- Prompt
The listing below must be duplicated in full, with nothing altered.
BEGIN Given material
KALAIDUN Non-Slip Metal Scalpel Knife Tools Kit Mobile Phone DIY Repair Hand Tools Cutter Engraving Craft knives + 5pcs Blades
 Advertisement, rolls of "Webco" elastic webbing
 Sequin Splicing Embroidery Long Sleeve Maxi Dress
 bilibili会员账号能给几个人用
END Given material
- Exercise response
KALAIDUN Non-Slip Metal Scalpel Knife Tools Kit Mobile Phone DIY Repair Hand Tools Cutter Engraving Craft knives + 5pcs Blades
 Advertisement, rolls of "Webco" elastic webbing
 Sequin Splicing Embroidery Long Sleeve Maxi Dress
 bilibili会员账号能给几个人用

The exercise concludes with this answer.